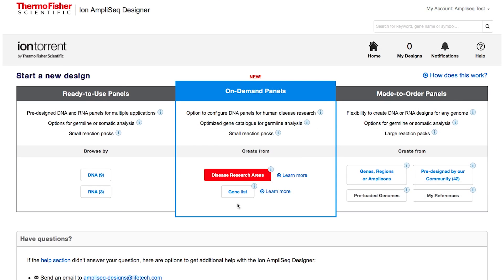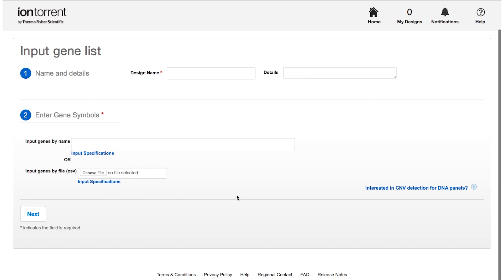Should you need to configure your own panel while taking advantage of pre-tested and small reaction sized panels, you can now also create an on-demand panel by uploading your own gene list, which can be automatically matched with our growing catalog of genes associated with germline disorders.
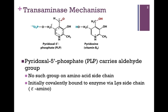Initially, this cofactor is covalently bound to the enzyme via the epsilon amino side chain of a lysine residue.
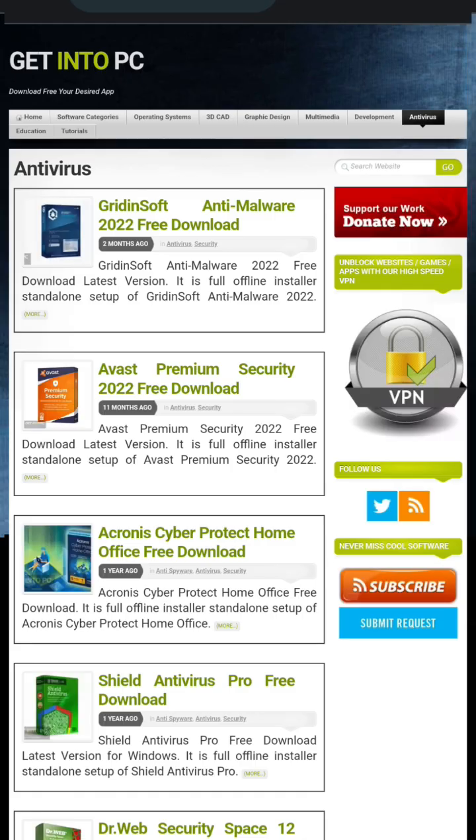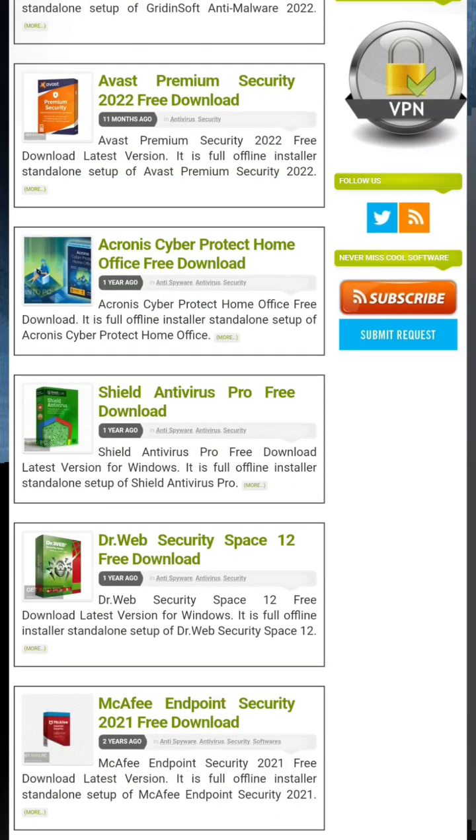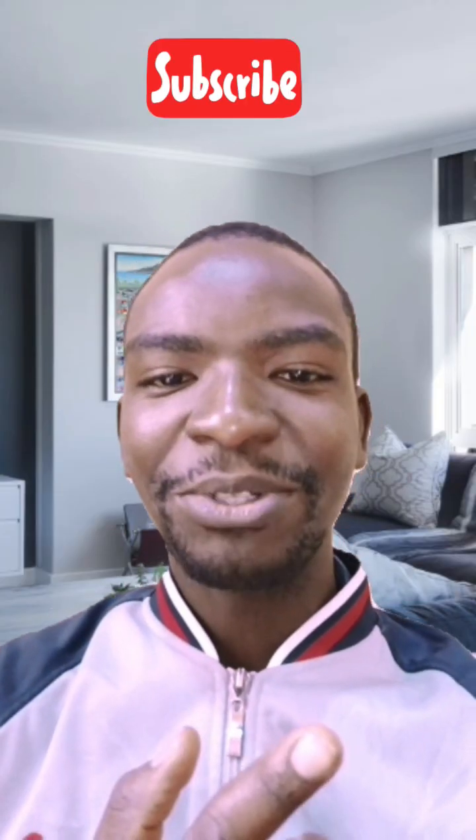You have a lot of free antivirus options, and this website does not have any spam — you can use it freely to download into your PC. Click the subscribe button to get more videos like this.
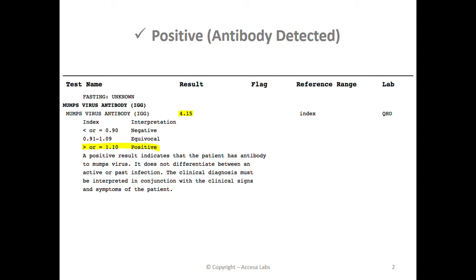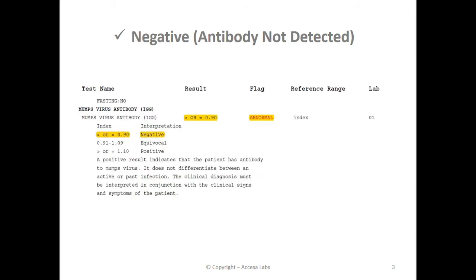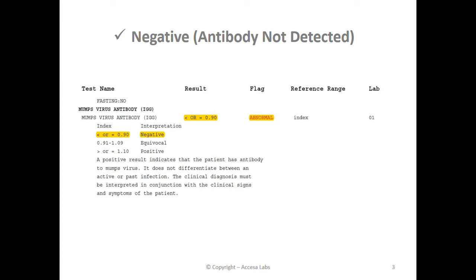Now let's take a look at a negative result. We'll look under the result header — less than or equal to 0.90, with a flag of abnormal. Based on Quest Diagnostics Result Index shown here, any result less than or equal to 0.90 is negative, which implies that a person with this result does not have immunity to the mumps virus. Therefore, this sample report represents a negative result.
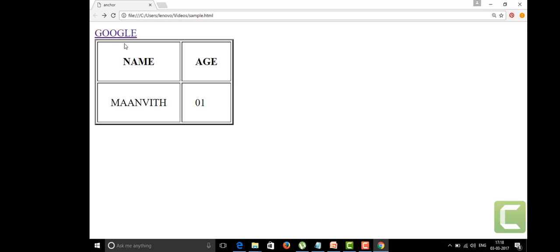When we insert the cell padding as an attribute, we see this in the form of a table and each row in that table has internal cells. This is the cell padding technique.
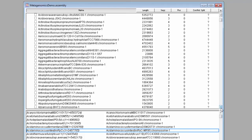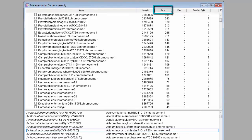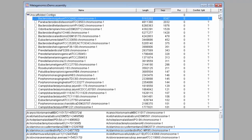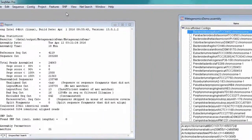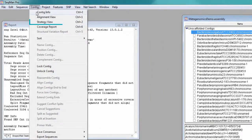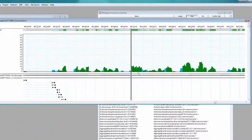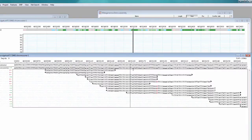These contigs can be sorted by length or number of sequences. If we sort by number of sequences, we can see which bacterial strains are most abundant in the sample. I can then view these contigs in more detail using the strategy view and the alignment view.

○ ○ ○ ○ ○

### [Exercise directions]
The required output is an exact copy of the lines from the one with "Now let's take" through the final line of the data above, with pictures removed.

### [Result below]
Now let's take a look at a negative result. We'll look under the result header — less than or equal to 0.90, with a flag of abnormal. Based on Quest Diagnostics Result Index shown here, any result less than or equal to 0.90 is negative, which implies that a person with this result does not have immunity to the mumps virus. Therefore, this sample report represents a negative result.
When we insert the cell padding as an attribute, we see this in the form of a table and each row in that table has internal cells. This is the cell padding technique.
These contigs can be sorted by length or number of sequences. If we sort by number of sequences, we can see which bacterial strains are most abundant in the sample. I can then view these contigs in more detail using the strategy view and the alignment view.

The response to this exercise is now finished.